Every line from the one with "Cosmovum — carte" up to and including the one with "Meadow West @notursugargirl cover picture" is to be output exactly as it appears below; pictures are not.

== Material to process

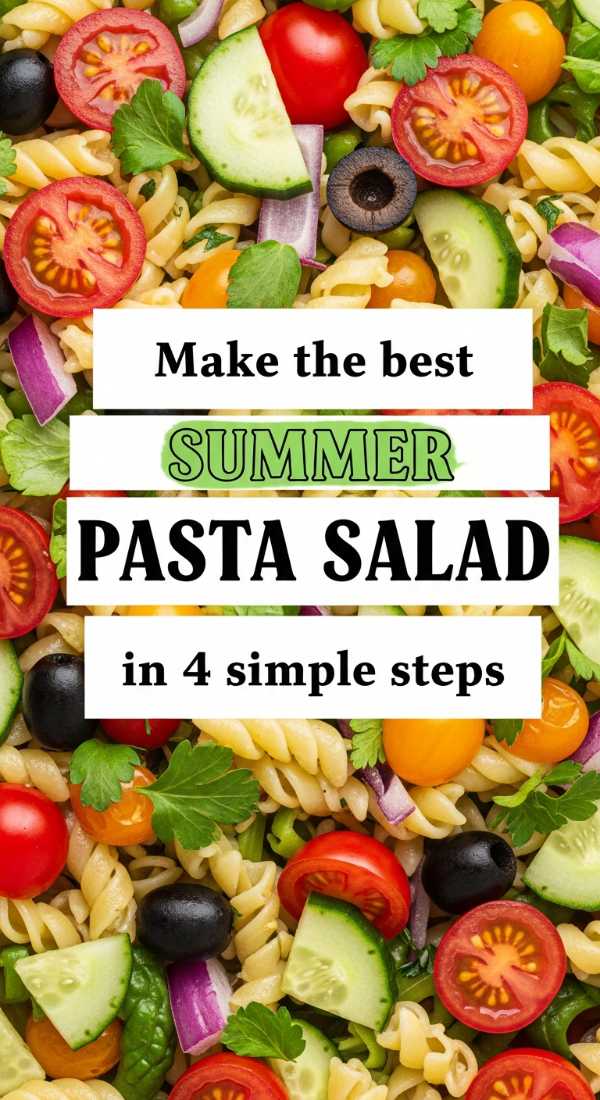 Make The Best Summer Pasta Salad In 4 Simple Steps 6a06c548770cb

====
== Material to process

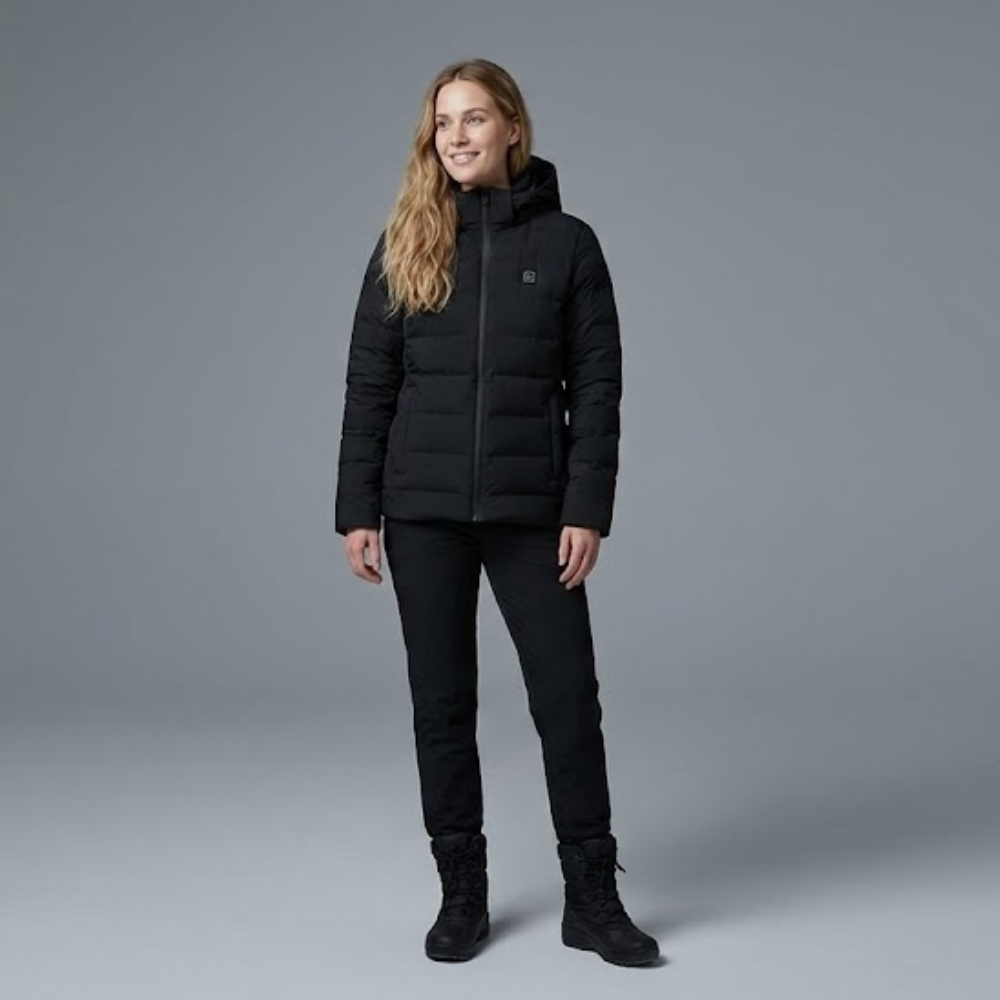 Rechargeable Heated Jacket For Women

====
== Material to process

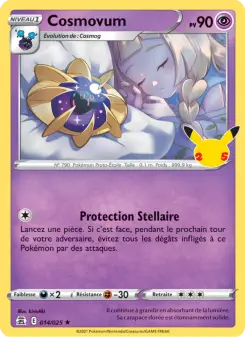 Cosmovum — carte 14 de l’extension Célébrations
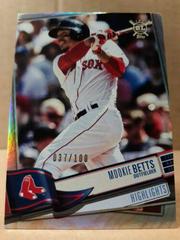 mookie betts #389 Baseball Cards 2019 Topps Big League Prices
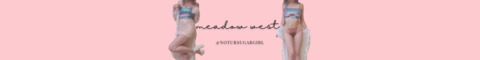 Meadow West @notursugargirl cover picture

====

■ Answer box
 Cosmovum — carte 14 de l’extension Célébrations
 mookie betts #389 Baseball Cards 2019 Topps Big League Prices
 Meadow West @notursugargirl cover picture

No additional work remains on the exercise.